## Task to carry out
Restate exactly, and only, the lines from the one with "一艘船驶过集装箱码头和新加坡港的其他船只。视频下载" through the end of the data, with both of those end lines kept. Drop any pictures.

Brief descriptive captions:
*** Begin section ***

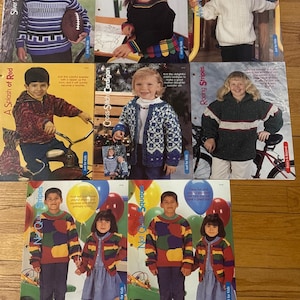 May include: A collection of knitting patterns for children's sweaters. The patterns feature a variety of colorful designs, including stripes, cables, and squares. The patterns are titled "Silver Streak Pullover", "A Splash of Red", "Cross-Stitch Cardigan", "Crayon Time", "Not Quite Stripes", "Not Quite Squares", "Roaring Stripes", and "More Cables for Kids".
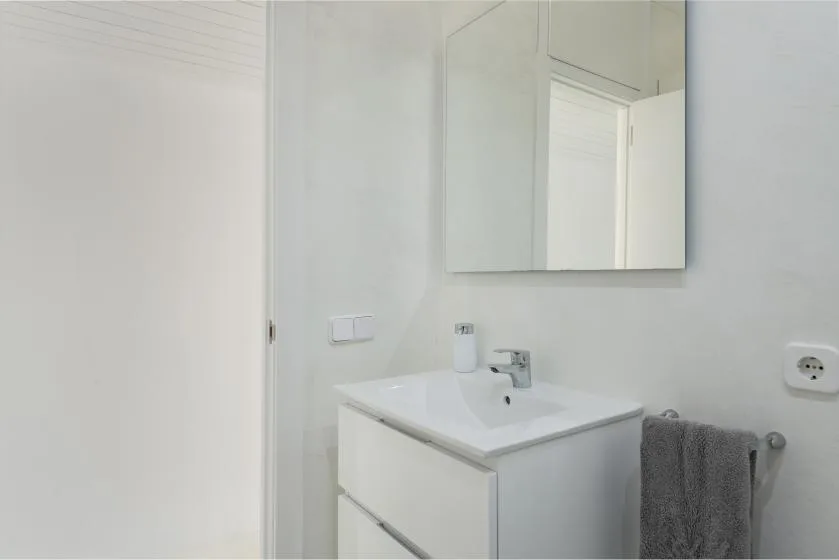 A bright bathroom vanity with a sink, mirror, and gray towel.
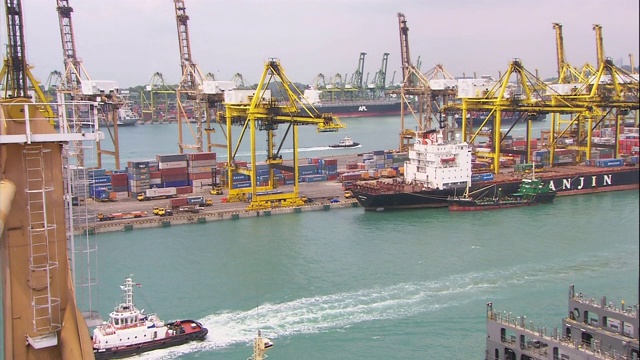 一艘船驶过集装箱码头和新加坡港的其他船只。视频下载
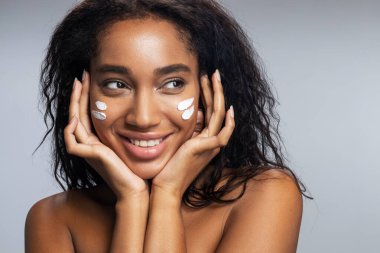 Yüz kremi süren seksi Afro-Amerikan kadın.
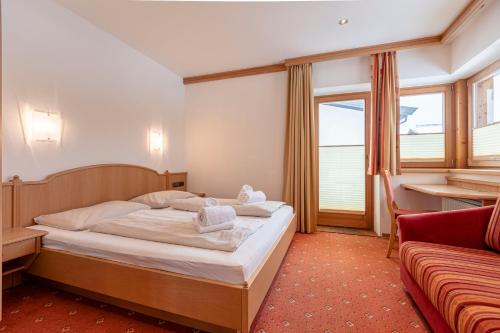 a hotel room with a bed and a couch at Dorfresort Kitzbühel by ALPS RESORTS in Reith bei Kitzbühel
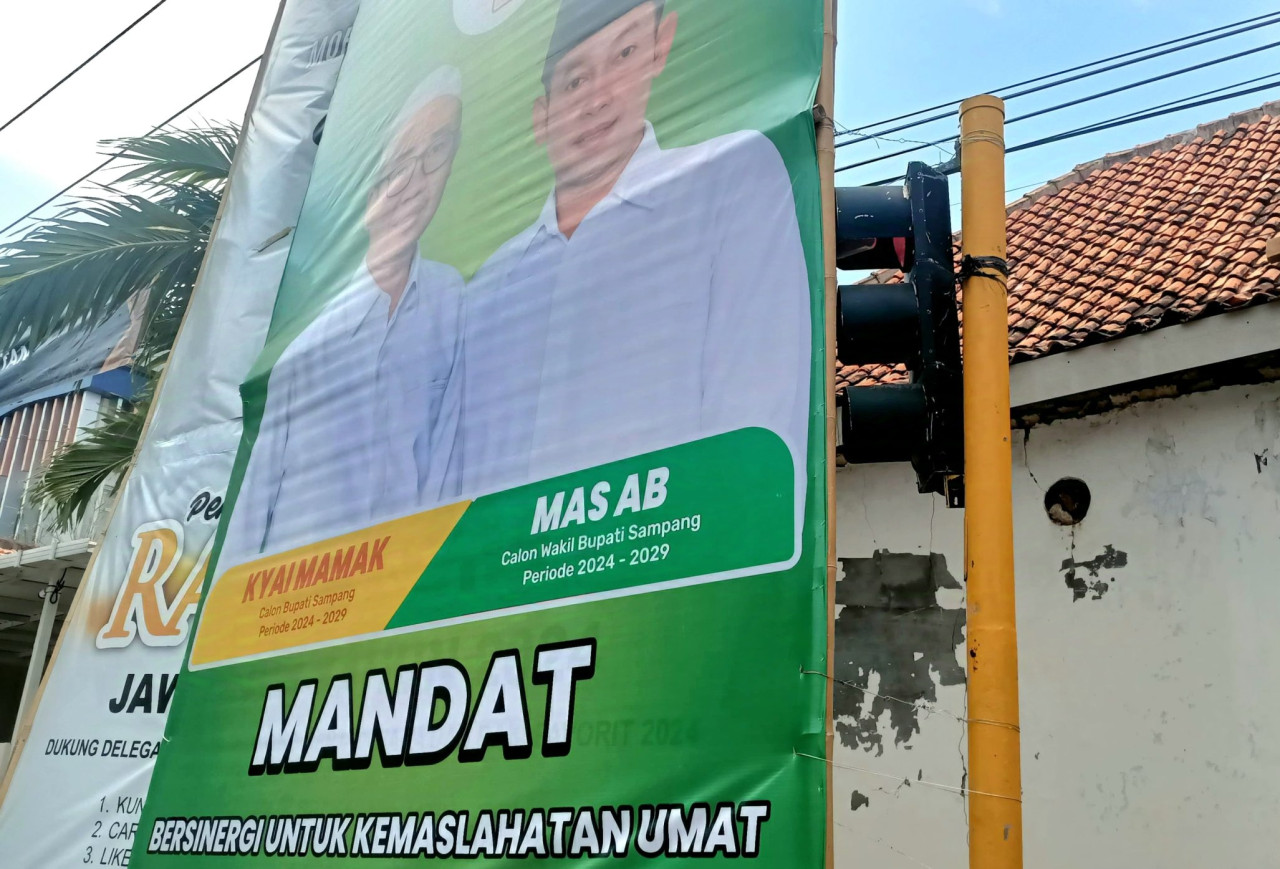 Baliho Paslon Mandat tutupi lampu lalu lintas. (Foto: Fathor/jatimnow.com)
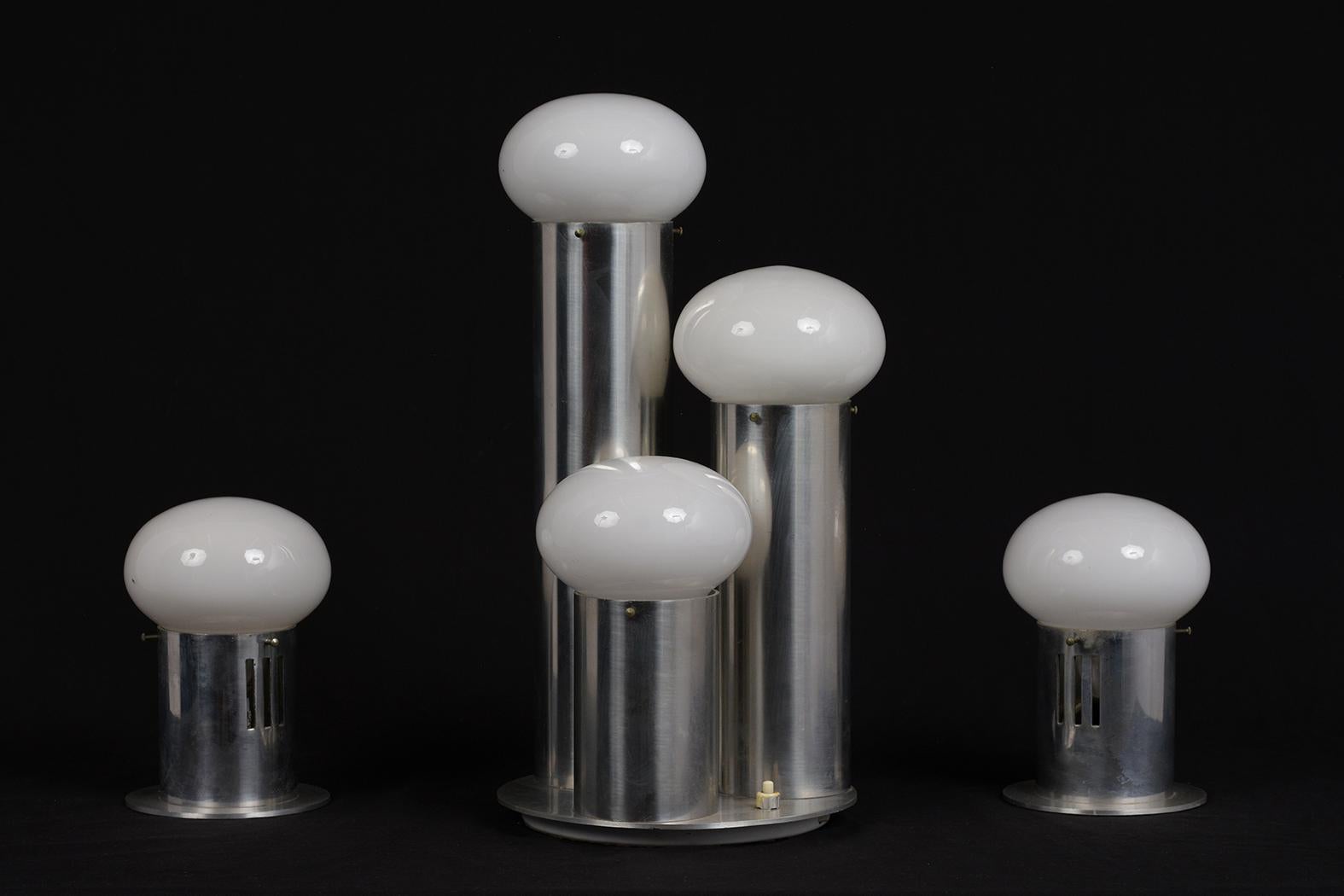 This 1960s modern Atomic style table lamps features a chrome base with decorative white bulbs. The set comes with a center three bulb lamp, and two single bulb lamps. The rods extend upwards at different lengths in a circular pattern, each rising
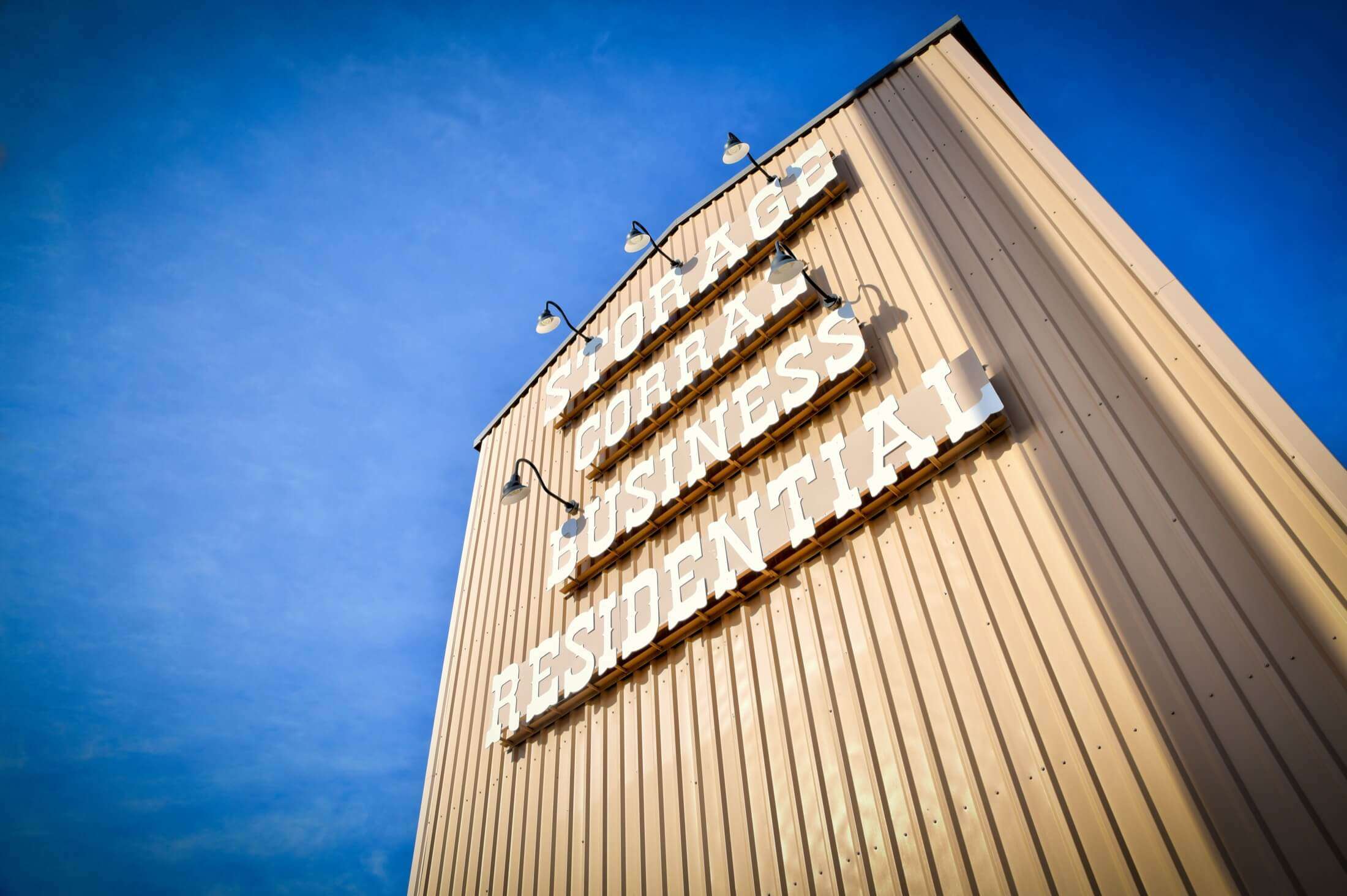 Storage business with beige metal exterior, large white signage reading "STORAGE," "CORRAL," "BUSINESS," and "RESIDENTIAL," and outdoor lighting fixtures against a blue sky.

*** End section ***

## Exercise solution
 一艘船驶过集装箱码头和新加坡港的其他船只。视频下载
 Yüz kremi süren seksi Afro-Amerikan kadın.
 a hotel room with a bed and a couch at Dorfresort Kitzbühel by ALPS RESORTS in Reith bei Kitzbühel
 Baliho Paslon Mandat tutupi lampu lalu lintas. (Foto: Fathor/jatimnow.com)
 This 1960s modern Atomic style table lamps features a chrome base with decorative white bulbs. The set comes with a center three bulb lamp, and two single bulb lamps. The rods extend upwards at different lengths in a circular pattern, each rising
 Storage business with beige metal exterior, large white signage reading "STORAGE," "CORRAL," "BUSINESS," and "RESIDENTIAL," and outdoor lighting fixtures against a blue sky.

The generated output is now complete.